Irate Scots lead the way in British tax resistance


GLASGOW, Scotland -- John Mullin wears the gloomy look of a man desperate to find the bright side of a dark situation.

He sits behind the gray stone walls of Strathclyde House in the center of Glasgow and wonders how he's going to deal with the consequences of the tax revolt outside.

It's happening all across Britain. But in Scotland it is more bitter because it is fueled by nationalistic sentiment.

Until recently, it had the open support of the Scottish National Party, which claims 20 percent of Scotland's voters. That's about the same percentage of people in Scotland who support the ruling Conservative Party.

The resistance is focused on the poll, or head, tax, Margaret Thatcher's fatal innovation of three years ago, which dumped the local-government property tax and set up a flat per-person levy. This gave the wealthy relief from high property taxes and sought to make up the revenue shortfall with increased taxes on the poor.

From the outset, resistance to the poll tax was intense throughout Britain. Collection rates and revenues fell drastically. The tax inspired Britain's largest protest rally ever last year and sparked a riot in the heart of London in which 417 people were injured.

The impact of the poll tax has been so damaging -- fiscally and politically -- that the Conservatives under Prime Minister John Major announced this year that it would be replaced by a property-based tax again.

But the poll tax won't be gone for another 1 1/2 years. And oddly, as it fades, resistance to it grows -- especially in Scotland, where it was imposed a full year ahead of the rest of Britain.

"Collection has not been so good," said Archie Gillespie -- with understatement.

Mr. Gillespie, a big man with a big voice, bald and red-faced, with cottony hair around his ears, is the director of finance of the Strathclyde Regional Council, which covers all western Scotland and includes 1.8 million taxpayers.

He and Mr. Mullin, chairman of the council's finance committee, are the people responsible for collecting local taxes.

Last year, 26 percent of their taxpayers paid no poll tax. The first year it was imposed -- 1988-1989 -- only 11 percent failed to pay.

The per-head amount for this year was set at $495 but was later reduced to $303. Nobody expects that to help.

The sheriffs are active throughout Scotland. Household goods have been seized for non-payment in about 21,000 cases. It's about all the authorities can do. Unlike in the rest of Britain, citizens cannot be jailed in Scotland for not paying the poll tax.

Mr. Gillespie says that poll tax resisters fall into four categories: those too poor to pay, a large group of economic opportunists (those who see others not paying and join in), those who decline to pay because they believe that the law is unjust and a group Mr. Gillespie describes as "basically revolutionaries."
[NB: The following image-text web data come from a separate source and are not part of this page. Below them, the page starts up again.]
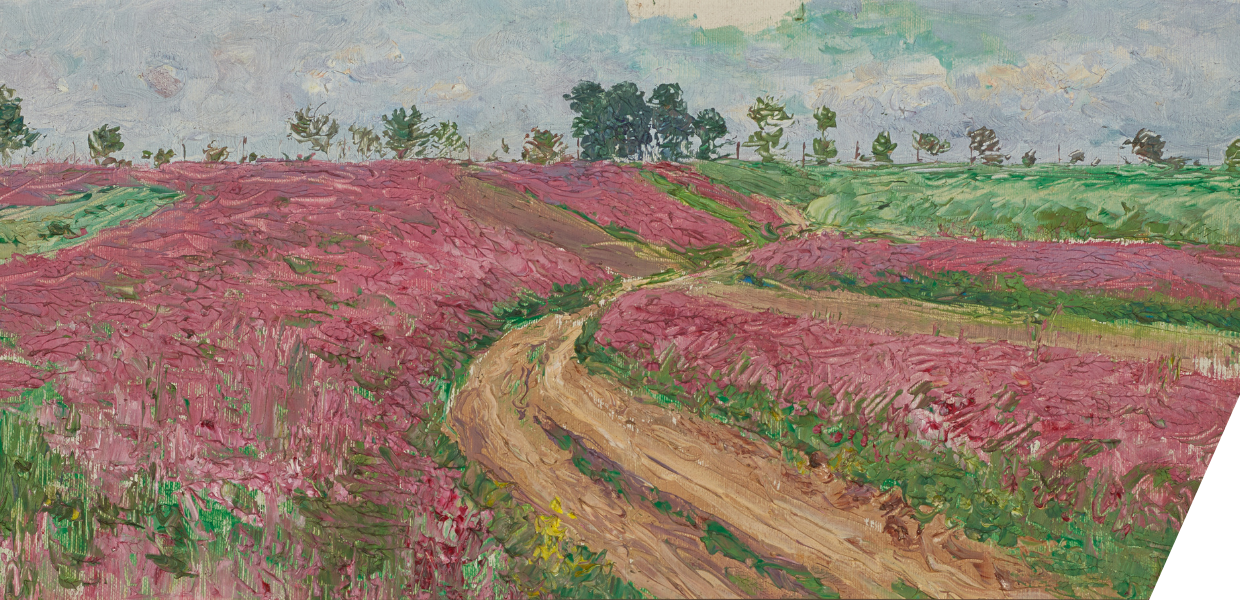A track leading through fields covered with flowers, with trees on the skyline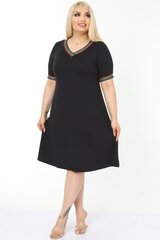 Черное платье с вырезом-конвертом T900-JU-46 цена и информация | Платья | pigu.lt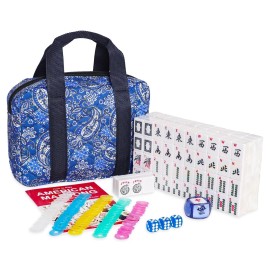 GUSTARIA American Mahjong Set, 166 White Engraved Tiles (1.2), Mahjong Tile Set with Blue Printed Carrying Bag for Travel, Without Rack/Pushers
The first two groups are by far the largest, the second two by far the most intense.

Mr. Gillespie and Mr. Mullin agree on the uniqueness of the Scottish resistance.

So does Tommy Sheridan, 27, who leads the storefront Anti-Poll Tax Federation.

"Scotland, as a country, has a sense of national oppression," Mr. Sheridan said. "This sense of nationalism adds an extra tinge of revolt to all this."

The newspapers describe him as a Trotskyist. His language at least suggests aims that go beyond resistance to the poll tax: "I believe that Britain is a country where the economic and political decisions are taken by an increasing minority for the benefit of that minority.

"And I believe the system cannot be reformed -- it must be changed. If that makes me a revolutionary, so be it."

Asked why the federation continues its efforts so zealously now that the poll tax is being phased out, he explained, "The living body created a stench we couldn't live with. The dead body is worse."

Mr. Gillespie believes in the law, but the poll tax has not been easy for him. He seems troubled by what he regards as the unfairness of it all -- not just the tax, but also the way it was imposed, the timing, its relationship to other events.

"The tax was introduced in 1988 right after they [the Thatcher government] made deep cuts in the income tax at the top end of the income scale," he recalled.

Thus the well-off were handed a double deal: a big cut in income tax and a major break on the property tax, a major source of local government funds until it was replaced by the poll tax.

"The man on the street has a gut feeling for what is reasonable," said Mr. Gillespie. "People saw it as unfair."

Mr. Mullin elaborated in a soft voice.

"There are two factors here," he said. "The fact that the poll tax was introduced into Scotland a year ahead of England and Wales created a lot of resentment in people's minds. Scottish people felt that the Conservative Party had very little mandate in Scotland, and we felt we were being used as guinea pigs.

"It was also the only place where non-payment was the policy of a major party, well, a party as big at least as the Conservatives [in Scotland], the Scottish National Party."

The SNP reversed its position against payment only after the Major government declared in March that it would phase the tax out.

"The situation is worsening," Mr. Mullin said. "It has a snowball effect. Non-payment prompts non-payment. If things continue like this, we could be faced with an increase [in the tax levy] of 30 [percent] to 35 percent" to make up for the lost revenue.

Asked whether he expected the tax revolt to continue, he nodded and said softly, "Yes."